Carole Diamant, Ecole, terrain miné

Carole Diamant, Ecole, terrain miné

Au-delà du simple témoignage, ce livre offre une réflexion profonde sur les malaises qui parcourent l’école républicaine

L’école est l’objet de toutes les attentions. À juste titre. N’est-ce pas l’école qui prépare l’avenir, notre avenir, en formant les consciences citoyennes ? Reste qu’il y a lieu d’être très inquiet devant les mutations scolaires : ce sont ces transformations vécues par l’école que Carole Diamant, professeur de philosophie dans le 93, nous raconte d’un ton grave et juste.

Ce livre est plus qu’un simple témoignage – comme il en existe déjà des dizaines -, il s’agit d’une réflexion en profondeur sur les malaises qui parcourent l’école de la République, notre République.
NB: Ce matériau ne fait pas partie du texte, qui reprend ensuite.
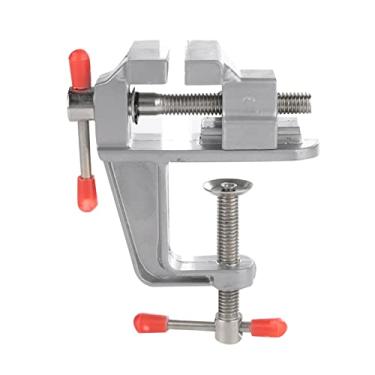 Imagem de Cosiki Mini Braçadeira de Bancada para Joias, Torno Compacto e Resistente para Reparo de Joias Diy, Bancada de Trabalho para Amadores e Artesãos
Il y a d’abord la difficulté à enseigner, à transmettre, tant le savoir de l’enseignant est placé en concurrence avec d’autres sources « culturelles » beaucoup plus faciles d’accès ; mais aussi parce que le respect lié au statut d’enseignant est lui aussi concurrencé par d’autres autorités qu’elles soient religieuses ou communautaires. Pour une partie des élèves de Carole Diamant, la « communauté des citoyens » n’a aucun sens – les discours intégristes sont bien plus captivants, ils paraissent donner un véritable sens à l’existence, ils sont bien plus concrets.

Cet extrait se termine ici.